My son Jake garnered a strange notoriety at Galway University for quoting Tom Waits in every one of his English and History papers. And I asked him where his love of Tom Waits came from and he said “You used to play Tom Waits ‘Martha’ all the time in the car.” And I felt irrationally proud of myself.

Our youngest son Elliott says his earliest music memory is my Soulmate ,  his mum, threatening to divorce me if I sang Friendly Fires ‘ Hawaian Air’ ever again.

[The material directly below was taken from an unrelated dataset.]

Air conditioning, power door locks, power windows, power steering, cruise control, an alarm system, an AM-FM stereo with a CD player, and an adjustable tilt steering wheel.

Five years ago I got ….sorry…Santa got two priceless tickets to see Billie Eilish in London, which he gave to our daughter Robyn. I think I was a bigger Billie fan than she was. She opened the envelope and said “Oh MY God ! Tristan will love this !” Tristan being her boyfriend at the time. So I ended up taking the two of them to London to see Billie while I sat in a pub across the road with my friend Ronan drinking barely tolerable craft beer….a lot of barely tolerable craft beer, so many in fact that Ronan and I had a heated debate with the Uber driver about camels on the way home.

But earlier this month my Soulmate and I went to Electric Picnic in a campervan where we met up with Robyn, and we saw Billie Eilish together. It was magic.

A friend says that my writing  sometimes reminds him of Kurt Vonnegut. Kurt wrote this. I wish I had :

“Music is, to me, proof of the existence of God. It is so extraordinarily full of magic, and in tough times of my life I can listen to music and it makes such a difference.”